> [The problem]
Write out the data below exactly as given, without any of its pictures.

━━━ Provided data ━━━

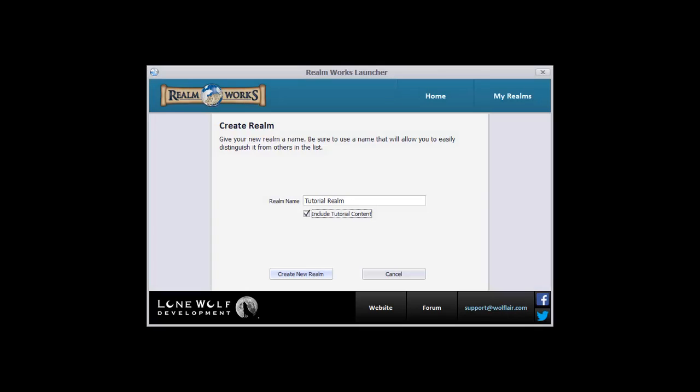To follow along throughout the video series, you'll want to create a new realm and choose the Include Tutorial Content option. This will start your realm with all the same content as this tutorial video series, and we'll be using this content to demonstrate some features in later videos.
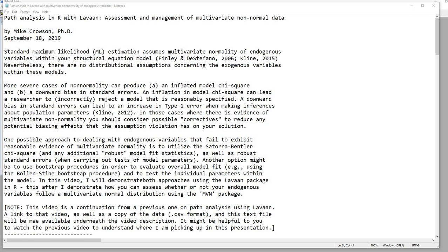Hi everyone. In this video I'm going to discuss some steps that you can take in order to assess and manage multivariate non-normal data when carrying out path analysis with the lavaan package.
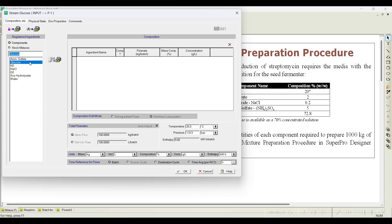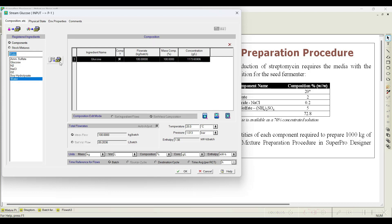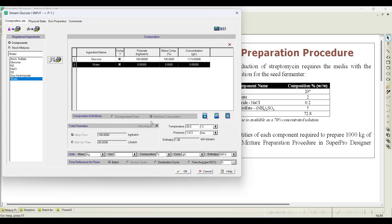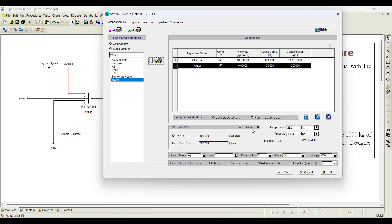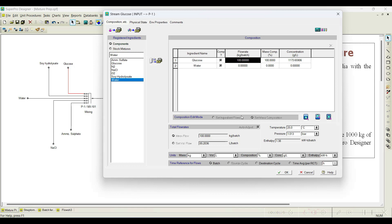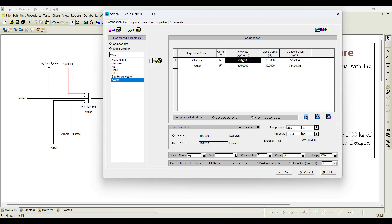Let us initiate the glucose stream first. The problem states glucose is available as a 70% solution, so I will set it as 70% glucose and 30% water. Notice that by default the flow rate is 100 kg and is locked — auto-adjust is checked, so the flow rate cannot be set manually; only composition can be set. Click OK.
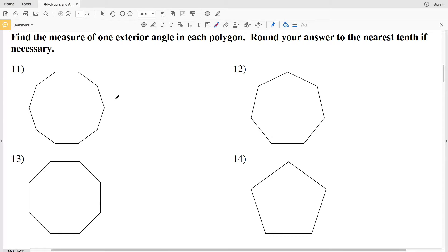In this video, we're continuing on with the polygons and angles worksheet on the CUDA software website under the geometry section. In this part, we're going to find the measure of one exterior angle in each polygon. Round your answer to the nearest tenth if necessary.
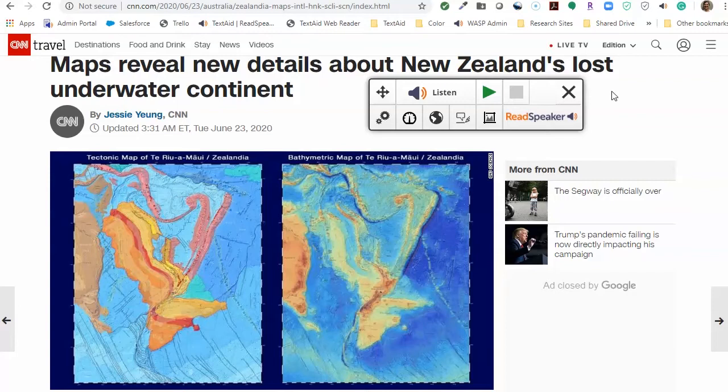When you have the extension open on your webpage, you will always have an X in the upper right-hand corner. The X is the Close Player tool.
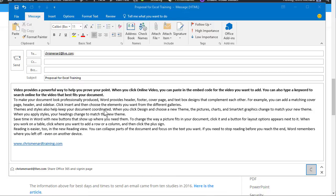Hello, this is Chris Menard. Let me show you how to do a delayed delivery in Microsoft Outlook.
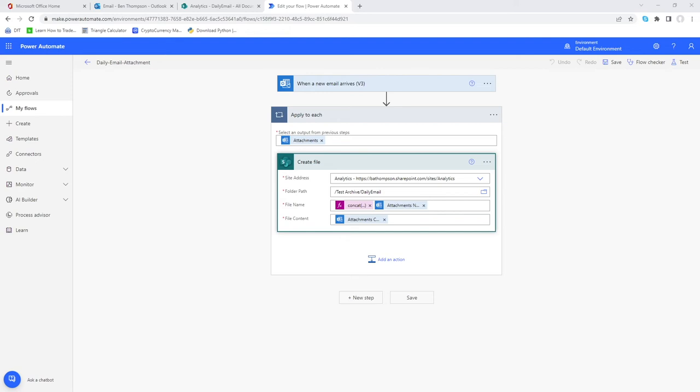Hello everyone and welcome back to another video. In our previous video we were looking at Power Automate and how to create an automated flow so that every time an email was received you'd be able to store the attachments from that email into a SharePoint document library.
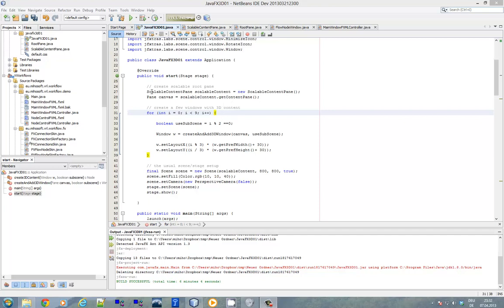What we do first is we create a scalable content pane. For those of you who don't know what a scalable content pane is, it's basically a container where you can add content. And if the content doesn't fit into the bounding box of the scalable content pane, then a transformation will be applied so that the content will visually fit into that bounding box. So this is an alternative to a scrollbar — we just scale the content down and you will see all the content at once.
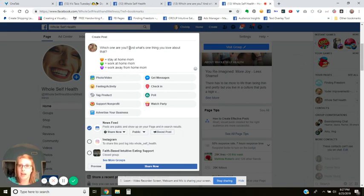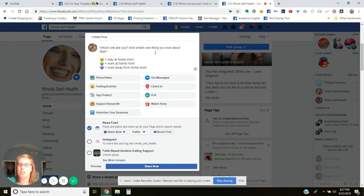You can see I also put an extra question: 'What's one thing you love about that?' — just to see if I can get a little more conversation going. You don't always have to do that, but you can. So that is three different types of polls. Hope you found that helpful!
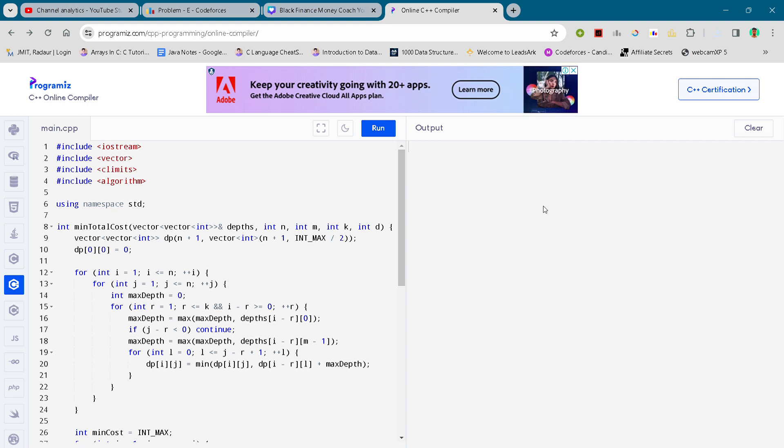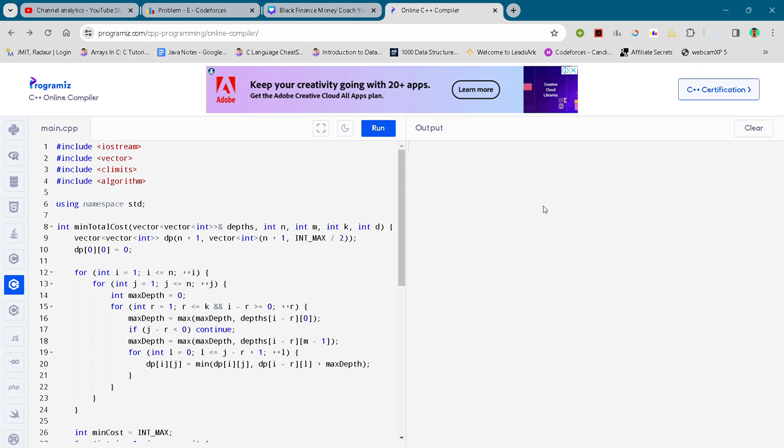Hey guys, this is the solution G of Codeforces round 933 division 3. I have uploaded solutions A, B, C, and D, so you can check those out if you haven't solved them. But if you have solved all of those, you can stay here.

━━━

> [Answer space]
To follow along throughout the video series, you'll want to create a new realm and choose the Include Tutorial Content option. This will start your realm with all the same content as this tutorial video series, and we'll be using this content to demonstrate some features in later videos.
Hi everyone. In this video I'm going to discuss some steps that you can take in order to assess and manage multivariate non-normal data when carrying out path analysis with the lavaan package.
Let us initiate the glucose stream first. The problem states glucose is available as a 70% solution, so I will set it as 70% glucose and 30% water. Notice that by default the flow rate is 100 kg and is locked — auto-adjust is checked, so the flow rate cannot be set manually; only composition can be set. Click OK.
In this video, we're continuing on with the polygons and angles worksheet on the CUDA software website under the geometry section. In this part, we're going to find the measure of one exterior angle in each polygon. Round your answer to the nearest tenth if necessary.
When you have the extension open on your webpage, you will always have an X in the upper right-hand corner. The X is the Close Player tool.
Hello, this is Chris Menard. Let me show you how to do a delayed delivery in Microsoft Outlook.
Hello everyone and welcome back to another video. In our previous video we were looking at Power Automate and how to create an automated flow so that every time an email was received you'd be able to store the attachments from that email into a SharePoint document library.
What we do first is we create a scalable content pane. For those of you who don't know what a scalable content pane is, it's basically a container where you can add content. And if the content doesn't fit into the bounding box of the scalable content pane, then a transformation will be applied so that the content will visually fit into that bounding box. So this is an alternative to a scrollbar — we just scale the content down and you will see all the content at once.
You can see I also put an extra question: 'What's one thing you love about that?' — just to see if I can get a little more conversation going. You don't always have to do that, but you can. So that is three different types of polls. Hope you found that helpful!
Hey guys, this is the solution G of Codeforces round 933 division 3. I have uploaded solutions A, B, C, and D, so you can check those out if you haven't solved them. But if you have solved all of those, you can stay here.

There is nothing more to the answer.